This guide is based on a Sage article by Bob Michael
Topo Map: Cima Dome 7½
Coordinates: Lat 35 17 59 Lon 115 33 47
Trip Stats: unknown
DRIVING
The trail to Teutonia starts at a well-marked parking area near the gentle summit of the paved road between I-15 and Cima.
HIKING
The excellent trail, at times following a long-abandoned road, heads gently uphill through possibly the most splendid climax Joshua forest of all; the high desert doesn't get any better than this. After 1-1/2 gentle miles ascending the Dome, the trail arrives at the northeast flank of the Peak. The trail switchbacks up the side, crosses the summit ridge to the west side of the peak and heads south towards the high point, where it evaporates among huge slabs and boulders. I managed to get within 20-25 vertical feet of the apparent summit when I was stopped by unquestionable 5th class.
NOTES
One of the finest short hikes the desert has to offer takes you up the northeast flank of Cima Dome to almost the granite picacho summit of Teutonia Peak, a crag perched incongruously on this otherwise amazingly gentle, smooth and regular landform.

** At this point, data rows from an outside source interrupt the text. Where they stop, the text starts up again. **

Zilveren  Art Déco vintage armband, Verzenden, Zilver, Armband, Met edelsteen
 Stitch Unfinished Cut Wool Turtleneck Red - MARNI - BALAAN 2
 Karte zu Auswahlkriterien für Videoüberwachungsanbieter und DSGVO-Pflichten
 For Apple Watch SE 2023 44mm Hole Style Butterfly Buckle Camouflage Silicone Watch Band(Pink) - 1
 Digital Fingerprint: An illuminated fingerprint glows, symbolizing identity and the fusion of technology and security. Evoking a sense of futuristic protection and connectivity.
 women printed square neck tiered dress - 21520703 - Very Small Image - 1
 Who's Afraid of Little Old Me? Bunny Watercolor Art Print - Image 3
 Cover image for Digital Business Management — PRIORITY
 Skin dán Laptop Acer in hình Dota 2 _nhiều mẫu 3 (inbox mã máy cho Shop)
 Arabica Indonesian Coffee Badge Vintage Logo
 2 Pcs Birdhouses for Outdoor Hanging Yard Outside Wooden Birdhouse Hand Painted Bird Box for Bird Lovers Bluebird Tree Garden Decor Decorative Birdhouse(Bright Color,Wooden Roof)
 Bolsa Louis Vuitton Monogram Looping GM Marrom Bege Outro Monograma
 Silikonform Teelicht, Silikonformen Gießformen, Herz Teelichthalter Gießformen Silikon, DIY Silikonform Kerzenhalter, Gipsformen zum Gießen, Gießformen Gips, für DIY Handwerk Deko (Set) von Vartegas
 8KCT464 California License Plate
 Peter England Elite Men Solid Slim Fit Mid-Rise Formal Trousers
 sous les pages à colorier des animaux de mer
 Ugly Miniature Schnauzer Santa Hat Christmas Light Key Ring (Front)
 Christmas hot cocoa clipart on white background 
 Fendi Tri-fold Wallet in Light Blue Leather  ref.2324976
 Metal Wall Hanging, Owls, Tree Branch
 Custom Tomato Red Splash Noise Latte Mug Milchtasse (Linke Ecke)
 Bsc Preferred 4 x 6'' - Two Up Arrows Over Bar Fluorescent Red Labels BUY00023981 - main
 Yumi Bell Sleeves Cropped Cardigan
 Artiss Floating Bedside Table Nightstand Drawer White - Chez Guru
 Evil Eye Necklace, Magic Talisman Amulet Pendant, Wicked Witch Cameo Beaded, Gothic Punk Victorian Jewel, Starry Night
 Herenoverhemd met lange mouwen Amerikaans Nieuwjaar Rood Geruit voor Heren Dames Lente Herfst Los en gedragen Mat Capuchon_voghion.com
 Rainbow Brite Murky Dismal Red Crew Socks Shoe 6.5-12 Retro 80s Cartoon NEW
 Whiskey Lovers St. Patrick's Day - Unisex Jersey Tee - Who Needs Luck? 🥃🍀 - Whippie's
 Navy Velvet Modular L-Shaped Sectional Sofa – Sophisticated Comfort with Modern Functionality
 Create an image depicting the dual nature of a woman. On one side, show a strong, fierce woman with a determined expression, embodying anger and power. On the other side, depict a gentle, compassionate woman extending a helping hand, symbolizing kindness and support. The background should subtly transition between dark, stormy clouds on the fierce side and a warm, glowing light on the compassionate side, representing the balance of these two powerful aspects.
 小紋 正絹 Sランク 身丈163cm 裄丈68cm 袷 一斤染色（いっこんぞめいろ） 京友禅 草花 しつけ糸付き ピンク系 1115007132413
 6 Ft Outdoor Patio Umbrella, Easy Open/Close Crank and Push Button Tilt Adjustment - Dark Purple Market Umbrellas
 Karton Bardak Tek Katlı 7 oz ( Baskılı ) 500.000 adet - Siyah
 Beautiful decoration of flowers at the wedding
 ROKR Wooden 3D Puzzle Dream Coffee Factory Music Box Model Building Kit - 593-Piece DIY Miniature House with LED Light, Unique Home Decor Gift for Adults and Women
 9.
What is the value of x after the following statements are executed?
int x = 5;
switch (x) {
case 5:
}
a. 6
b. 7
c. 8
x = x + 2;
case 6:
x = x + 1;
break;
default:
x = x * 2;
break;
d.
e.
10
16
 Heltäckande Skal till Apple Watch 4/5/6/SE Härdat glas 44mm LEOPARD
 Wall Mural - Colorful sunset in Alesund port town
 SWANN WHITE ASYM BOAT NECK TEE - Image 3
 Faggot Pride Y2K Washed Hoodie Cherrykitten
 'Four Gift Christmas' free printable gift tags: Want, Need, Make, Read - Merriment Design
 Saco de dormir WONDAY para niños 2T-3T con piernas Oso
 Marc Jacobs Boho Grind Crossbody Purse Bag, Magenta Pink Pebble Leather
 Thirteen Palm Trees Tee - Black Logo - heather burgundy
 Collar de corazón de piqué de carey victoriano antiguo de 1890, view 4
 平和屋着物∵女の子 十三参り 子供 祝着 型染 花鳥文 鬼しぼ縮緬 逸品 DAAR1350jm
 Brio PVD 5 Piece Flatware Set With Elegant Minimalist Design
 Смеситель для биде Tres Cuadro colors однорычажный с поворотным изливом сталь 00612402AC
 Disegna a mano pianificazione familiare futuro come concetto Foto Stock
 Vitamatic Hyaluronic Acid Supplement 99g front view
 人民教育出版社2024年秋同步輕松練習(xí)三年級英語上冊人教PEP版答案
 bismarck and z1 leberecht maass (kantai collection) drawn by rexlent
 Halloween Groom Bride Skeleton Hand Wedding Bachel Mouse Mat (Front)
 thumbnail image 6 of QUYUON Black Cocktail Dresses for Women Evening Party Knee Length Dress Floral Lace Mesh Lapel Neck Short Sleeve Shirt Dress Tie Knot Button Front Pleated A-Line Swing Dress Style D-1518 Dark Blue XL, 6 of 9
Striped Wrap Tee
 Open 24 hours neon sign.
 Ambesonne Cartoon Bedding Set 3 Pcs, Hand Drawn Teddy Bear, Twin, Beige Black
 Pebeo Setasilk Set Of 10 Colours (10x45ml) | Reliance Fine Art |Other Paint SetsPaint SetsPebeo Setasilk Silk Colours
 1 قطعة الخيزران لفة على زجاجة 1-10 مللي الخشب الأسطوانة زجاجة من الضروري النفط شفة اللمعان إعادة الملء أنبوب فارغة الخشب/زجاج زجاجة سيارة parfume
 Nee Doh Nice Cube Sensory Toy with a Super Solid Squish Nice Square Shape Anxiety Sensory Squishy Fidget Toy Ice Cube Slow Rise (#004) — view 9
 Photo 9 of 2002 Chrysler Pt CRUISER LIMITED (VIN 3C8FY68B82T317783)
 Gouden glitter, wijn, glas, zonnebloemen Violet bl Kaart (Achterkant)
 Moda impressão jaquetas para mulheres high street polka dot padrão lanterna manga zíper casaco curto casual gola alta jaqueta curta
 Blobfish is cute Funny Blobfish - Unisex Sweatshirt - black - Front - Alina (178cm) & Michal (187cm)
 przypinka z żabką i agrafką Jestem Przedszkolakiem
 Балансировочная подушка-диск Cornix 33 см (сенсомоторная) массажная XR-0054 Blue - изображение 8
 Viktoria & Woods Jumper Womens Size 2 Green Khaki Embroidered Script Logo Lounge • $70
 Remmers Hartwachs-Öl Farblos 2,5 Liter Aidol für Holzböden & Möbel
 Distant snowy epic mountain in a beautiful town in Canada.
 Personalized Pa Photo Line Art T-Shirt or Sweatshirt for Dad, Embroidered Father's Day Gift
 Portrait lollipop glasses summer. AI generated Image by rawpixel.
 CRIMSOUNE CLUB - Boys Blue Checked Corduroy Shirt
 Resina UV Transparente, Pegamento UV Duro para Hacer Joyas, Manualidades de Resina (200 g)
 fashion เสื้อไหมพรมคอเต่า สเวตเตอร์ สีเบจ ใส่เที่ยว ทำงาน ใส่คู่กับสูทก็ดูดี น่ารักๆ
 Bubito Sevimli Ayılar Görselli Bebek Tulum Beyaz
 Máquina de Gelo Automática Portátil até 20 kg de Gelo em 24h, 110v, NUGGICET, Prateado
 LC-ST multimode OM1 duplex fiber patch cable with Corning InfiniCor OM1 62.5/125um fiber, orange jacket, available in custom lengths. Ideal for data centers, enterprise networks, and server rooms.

Cima Dome, although hardly spectacular or even readily noticeable is one of the most extraordinary landforms in the desert. The map shows circular, gentle, evenly spaced contours making a bull's eye pattern in a landscape built basically out of randomness. Although geoniorphologists (geologists who try to explain landforms) have long debated its origins, the most likely explanation seems to be the long undisturbed weathering of a roughly circular, remarkably uniform body of granite uniquely susceptible to suberial "crumbling". Teutonia Peak and some associated boulder piles, making up a northwest-southeast- striking linear feature on the northeast flank of the Dome, is the only anomaly in this big picture. Perhaps due to a slight variation in rock chemistry in this one zone of the granite body - maybe an increase in silica content - the granite that comprises Teutonia Peak is resistant to crumbling, and instead weathers into the Joshua Tree-style blocks and crags that we commonly associate with desert granitic terrain.